Guy Le Strange (1854-1933) pioneered the study of the historical geography of the Middle East, and especially Persia, notably in his Lands of the Eastern Caliphate (Cambridge, 1905) and the present work which contains an English translation of Mustaufī's Nuzhat al-qulūb
Ḥamd-Allāh Mustaufī was a fourteenth-century historian and geographer. His Nuzhat al-qulūb (Hearts' delight) sets out to give a description of Iran in the form of a gazetteer. Despite some repetition of previous accounts, there are many snippets of up to date information embedded in his descriptions of the various provinces and cities and villages of Iran, including altered circumstances and productivity, and changes in their names and prosperity, and his work gives a graphic account of the area in the latter days of the Īl-Khāns.
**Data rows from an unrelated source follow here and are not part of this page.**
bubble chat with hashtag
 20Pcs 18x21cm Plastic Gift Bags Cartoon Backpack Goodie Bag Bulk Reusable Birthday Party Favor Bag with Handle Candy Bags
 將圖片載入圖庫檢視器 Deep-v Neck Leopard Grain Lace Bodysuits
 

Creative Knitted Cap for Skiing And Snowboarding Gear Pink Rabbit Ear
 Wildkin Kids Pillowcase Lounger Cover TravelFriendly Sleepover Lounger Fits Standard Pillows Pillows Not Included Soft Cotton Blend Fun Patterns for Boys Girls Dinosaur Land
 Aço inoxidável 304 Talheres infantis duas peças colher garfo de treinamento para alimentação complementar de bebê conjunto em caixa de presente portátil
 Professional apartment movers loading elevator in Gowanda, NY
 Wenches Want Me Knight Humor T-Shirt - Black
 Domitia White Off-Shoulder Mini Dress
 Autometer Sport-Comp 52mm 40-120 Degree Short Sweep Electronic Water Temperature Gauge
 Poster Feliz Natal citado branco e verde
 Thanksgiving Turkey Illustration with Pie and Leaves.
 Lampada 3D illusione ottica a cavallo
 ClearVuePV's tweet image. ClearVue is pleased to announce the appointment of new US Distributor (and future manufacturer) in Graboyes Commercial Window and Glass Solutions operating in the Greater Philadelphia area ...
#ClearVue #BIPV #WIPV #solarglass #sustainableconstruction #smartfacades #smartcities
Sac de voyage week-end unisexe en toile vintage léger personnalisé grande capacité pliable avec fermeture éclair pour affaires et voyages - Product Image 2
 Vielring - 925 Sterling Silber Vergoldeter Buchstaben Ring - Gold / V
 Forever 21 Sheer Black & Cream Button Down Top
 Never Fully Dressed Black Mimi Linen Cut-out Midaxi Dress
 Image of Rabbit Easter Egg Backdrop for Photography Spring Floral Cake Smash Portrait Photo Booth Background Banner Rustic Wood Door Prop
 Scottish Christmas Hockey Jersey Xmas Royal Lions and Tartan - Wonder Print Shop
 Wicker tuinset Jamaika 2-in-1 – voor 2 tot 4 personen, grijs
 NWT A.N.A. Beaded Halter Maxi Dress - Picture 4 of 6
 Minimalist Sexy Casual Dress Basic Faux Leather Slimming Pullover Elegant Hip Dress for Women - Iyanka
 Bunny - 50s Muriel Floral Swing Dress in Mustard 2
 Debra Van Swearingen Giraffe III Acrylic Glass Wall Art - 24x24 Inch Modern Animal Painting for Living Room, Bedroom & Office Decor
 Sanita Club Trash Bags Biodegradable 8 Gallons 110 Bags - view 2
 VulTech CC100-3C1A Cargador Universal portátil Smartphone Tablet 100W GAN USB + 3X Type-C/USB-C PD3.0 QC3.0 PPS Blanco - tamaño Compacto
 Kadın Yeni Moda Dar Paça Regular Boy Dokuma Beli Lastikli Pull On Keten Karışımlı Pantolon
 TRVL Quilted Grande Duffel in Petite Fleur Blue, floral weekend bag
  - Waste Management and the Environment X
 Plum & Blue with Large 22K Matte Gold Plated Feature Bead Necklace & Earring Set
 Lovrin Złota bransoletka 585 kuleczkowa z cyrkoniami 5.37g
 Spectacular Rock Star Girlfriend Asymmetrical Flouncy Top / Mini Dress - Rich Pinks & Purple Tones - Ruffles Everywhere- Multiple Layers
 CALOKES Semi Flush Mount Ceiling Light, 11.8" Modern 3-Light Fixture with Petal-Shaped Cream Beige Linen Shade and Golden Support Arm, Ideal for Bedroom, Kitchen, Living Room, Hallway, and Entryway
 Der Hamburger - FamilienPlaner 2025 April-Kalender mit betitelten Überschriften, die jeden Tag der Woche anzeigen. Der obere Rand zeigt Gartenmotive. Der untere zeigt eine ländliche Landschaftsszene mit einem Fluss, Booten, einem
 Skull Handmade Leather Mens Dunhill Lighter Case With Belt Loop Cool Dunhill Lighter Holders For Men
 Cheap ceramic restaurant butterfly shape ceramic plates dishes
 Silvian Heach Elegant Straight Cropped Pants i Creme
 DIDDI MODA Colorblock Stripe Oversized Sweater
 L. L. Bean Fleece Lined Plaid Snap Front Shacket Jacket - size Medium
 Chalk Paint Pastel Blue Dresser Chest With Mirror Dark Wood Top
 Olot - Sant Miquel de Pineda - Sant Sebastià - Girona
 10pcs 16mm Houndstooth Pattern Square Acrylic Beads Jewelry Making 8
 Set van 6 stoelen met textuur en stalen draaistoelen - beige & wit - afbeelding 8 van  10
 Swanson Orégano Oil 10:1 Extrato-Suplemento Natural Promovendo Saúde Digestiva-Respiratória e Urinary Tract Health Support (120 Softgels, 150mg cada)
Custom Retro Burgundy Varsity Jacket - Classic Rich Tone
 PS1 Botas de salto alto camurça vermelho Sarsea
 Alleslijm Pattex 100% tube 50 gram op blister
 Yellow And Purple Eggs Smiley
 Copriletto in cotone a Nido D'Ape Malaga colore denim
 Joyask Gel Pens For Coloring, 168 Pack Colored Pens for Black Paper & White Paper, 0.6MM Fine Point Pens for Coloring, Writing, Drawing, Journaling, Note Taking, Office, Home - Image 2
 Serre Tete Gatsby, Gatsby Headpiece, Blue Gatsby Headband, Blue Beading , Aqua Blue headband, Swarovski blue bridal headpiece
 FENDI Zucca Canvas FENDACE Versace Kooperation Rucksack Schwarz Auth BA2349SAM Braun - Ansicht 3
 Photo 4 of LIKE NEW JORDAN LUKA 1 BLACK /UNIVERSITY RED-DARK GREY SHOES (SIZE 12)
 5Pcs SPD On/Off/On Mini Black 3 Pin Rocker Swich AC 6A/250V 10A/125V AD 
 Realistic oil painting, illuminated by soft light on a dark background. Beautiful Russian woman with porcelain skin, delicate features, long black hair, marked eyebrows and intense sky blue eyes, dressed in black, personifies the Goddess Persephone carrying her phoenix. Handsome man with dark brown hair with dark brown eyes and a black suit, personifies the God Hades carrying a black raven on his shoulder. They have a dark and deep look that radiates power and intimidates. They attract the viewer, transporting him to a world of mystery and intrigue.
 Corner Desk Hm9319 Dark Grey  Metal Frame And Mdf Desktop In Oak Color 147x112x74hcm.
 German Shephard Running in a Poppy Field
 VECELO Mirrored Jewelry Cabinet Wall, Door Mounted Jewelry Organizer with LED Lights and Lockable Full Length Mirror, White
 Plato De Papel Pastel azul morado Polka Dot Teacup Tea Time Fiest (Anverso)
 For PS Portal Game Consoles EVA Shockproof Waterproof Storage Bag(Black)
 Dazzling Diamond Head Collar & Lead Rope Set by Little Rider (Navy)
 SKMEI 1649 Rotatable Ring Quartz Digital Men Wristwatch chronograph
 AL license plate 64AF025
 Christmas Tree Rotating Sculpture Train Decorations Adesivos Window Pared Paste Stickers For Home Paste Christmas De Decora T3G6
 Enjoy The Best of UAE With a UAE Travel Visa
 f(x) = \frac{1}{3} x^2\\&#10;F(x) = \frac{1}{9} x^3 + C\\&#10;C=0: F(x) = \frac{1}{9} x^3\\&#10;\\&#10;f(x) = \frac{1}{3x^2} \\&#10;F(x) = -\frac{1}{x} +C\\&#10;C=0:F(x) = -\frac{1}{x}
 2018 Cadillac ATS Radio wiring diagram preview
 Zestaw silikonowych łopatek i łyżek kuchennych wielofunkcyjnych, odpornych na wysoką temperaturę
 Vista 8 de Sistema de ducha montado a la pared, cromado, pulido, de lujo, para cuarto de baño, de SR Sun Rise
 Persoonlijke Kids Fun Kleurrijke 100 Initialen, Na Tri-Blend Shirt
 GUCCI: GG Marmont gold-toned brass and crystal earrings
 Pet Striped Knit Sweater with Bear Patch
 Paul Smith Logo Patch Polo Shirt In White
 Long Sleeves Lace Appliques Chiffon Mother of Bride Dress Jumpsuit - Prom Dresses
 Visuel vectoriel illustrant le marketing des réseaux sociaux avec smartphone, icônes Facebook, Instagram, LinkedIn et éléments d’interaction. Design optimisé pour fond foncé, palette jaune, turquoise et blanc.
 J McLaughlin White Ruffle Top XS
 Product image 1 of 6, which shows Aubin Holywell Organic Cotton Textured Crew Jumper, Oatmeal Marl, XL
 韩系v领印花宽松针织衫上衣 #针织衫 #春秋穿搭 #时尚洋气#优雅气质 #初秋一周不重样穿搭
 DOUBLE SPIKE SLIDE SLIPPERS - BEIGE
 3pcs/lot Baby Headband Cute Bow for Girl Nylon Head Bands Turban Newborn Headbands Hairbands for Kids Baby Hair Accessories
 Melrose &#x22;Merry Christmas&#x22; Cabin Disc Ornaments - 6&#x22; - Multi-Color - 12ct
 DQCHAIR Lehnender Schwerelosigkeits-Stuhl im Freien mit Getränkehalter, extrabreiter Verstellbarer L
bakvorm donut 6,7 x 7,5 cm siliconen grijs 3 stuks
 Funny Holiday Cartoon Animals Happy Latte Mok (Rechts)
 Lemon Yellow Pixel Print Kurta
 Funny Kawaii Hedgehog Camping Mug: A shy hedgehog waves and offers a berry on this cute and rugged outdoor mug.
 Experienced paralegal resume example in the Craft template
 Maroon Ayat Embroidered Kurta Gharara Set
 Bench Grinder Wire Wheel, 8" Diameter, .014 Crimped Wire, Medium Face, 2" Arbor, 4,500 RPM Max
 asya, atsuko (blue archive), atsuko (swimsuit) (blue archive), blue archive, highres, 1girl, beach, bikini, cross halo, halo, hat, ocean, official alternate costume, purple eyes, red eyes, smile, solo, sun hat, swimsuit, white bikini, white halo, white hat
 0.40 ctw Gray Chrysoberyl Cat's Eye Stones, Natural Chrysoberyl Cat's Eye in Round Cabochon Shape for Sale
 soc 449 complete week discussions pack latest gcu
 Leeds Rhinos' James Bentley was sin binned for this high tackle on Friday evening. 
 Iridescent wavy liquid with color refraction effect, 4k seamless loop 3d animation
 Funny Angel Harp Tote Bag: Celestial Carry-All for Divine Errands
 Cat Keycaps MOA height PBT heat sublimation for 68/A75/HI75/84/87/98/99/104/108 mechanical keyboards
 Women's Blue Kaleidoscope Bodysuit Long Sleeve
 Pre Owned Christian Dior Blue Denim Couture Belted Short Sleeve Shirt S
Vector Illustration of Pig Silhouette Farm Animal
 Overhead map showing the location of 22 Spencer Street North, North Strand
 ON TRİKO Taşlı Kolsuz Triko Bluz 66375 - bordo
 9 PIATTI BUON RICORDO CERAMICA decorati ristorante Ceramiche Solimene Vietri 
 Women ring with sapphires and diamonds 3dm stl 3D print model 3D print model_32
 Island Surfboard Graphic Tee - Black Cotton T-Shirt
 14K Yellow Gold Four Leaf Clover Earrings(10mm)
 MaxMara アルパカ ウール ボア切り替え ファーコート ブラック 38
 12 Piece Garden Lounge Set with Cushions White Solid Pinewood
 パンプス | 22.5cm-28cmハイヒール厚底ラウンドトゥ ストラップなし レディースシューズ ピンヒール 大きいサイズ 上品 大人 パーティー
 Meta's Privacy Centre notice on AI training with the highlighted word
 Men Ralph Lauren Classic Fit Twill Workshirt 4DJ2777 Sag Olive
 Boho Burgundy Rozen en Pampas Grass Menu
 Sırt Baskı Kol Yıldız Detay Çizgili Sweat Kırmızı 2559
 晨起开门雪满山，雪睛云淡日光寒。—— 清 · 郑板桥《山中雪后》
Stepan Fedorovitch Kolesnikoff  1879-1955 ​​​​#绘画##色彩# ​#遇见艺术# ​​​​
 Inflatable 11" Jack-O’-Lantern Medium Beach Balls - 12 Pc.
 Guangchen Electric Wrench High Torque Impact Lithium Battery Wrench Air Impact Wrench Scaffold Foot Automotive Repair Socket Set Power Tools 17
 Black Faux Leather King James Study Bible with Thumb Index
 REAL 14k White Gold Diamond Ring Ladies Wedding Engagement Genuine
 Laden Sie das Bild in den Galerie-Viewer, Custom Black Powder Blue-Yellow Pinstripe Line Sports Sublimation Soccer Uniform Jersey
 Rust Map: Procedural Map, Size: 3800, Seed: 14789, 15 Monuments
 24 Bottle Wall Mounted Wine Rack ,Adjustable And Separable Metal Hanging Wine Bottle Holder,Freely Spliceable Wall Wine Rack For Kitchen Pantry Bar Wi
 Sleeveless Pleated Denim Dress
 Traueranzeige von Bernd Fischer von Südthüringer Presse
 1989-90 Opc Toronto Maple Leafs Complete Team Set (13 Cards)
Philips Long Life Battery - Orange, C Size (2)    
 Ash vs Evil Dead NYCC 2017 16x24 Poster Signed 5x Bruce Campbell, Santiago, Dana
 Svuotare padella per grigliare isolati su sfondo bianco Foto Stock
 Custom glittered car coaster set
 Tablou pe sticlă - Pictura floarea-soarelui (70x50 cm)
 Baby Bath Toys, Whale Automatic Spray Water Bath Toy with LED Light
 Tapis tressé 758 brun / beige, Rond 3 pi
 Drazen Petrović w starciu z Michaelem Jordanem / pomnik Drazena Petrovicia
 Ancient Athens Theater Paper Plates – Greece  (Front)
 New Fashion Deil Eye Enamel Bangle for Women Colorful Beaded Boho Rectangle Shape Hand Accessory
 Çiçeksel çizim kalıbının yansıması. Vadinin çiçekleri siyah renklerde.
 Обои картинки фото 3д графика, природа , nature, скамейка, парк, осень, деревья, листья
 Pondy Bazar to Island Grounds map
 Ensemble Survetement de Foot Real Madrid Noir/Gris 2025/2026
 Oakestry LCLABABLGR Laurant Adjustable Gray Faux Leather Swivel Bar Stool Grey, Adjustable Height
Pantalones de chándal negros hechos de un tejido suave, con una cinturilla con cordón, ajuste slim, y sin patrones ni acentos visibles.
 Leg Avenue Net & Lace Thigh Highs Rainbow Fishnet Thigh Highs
Mustaufī's Nuzhat al-qulūb captures a moment in time caught between an old world and a new - the familiar but moribund universal Islamic Caliphate, fatally destroyed by the Mongol invasions, and the new dispensation of the Mongol Empire, within which Iran once more found independence and cultural self-determination. But this world too was in transition, as the Ilkhanate was in the process of collapsing and new insecurities threatened. This accessible new edition will make this important work, extensively used but little studied and long out of print available to a new generation of scholars.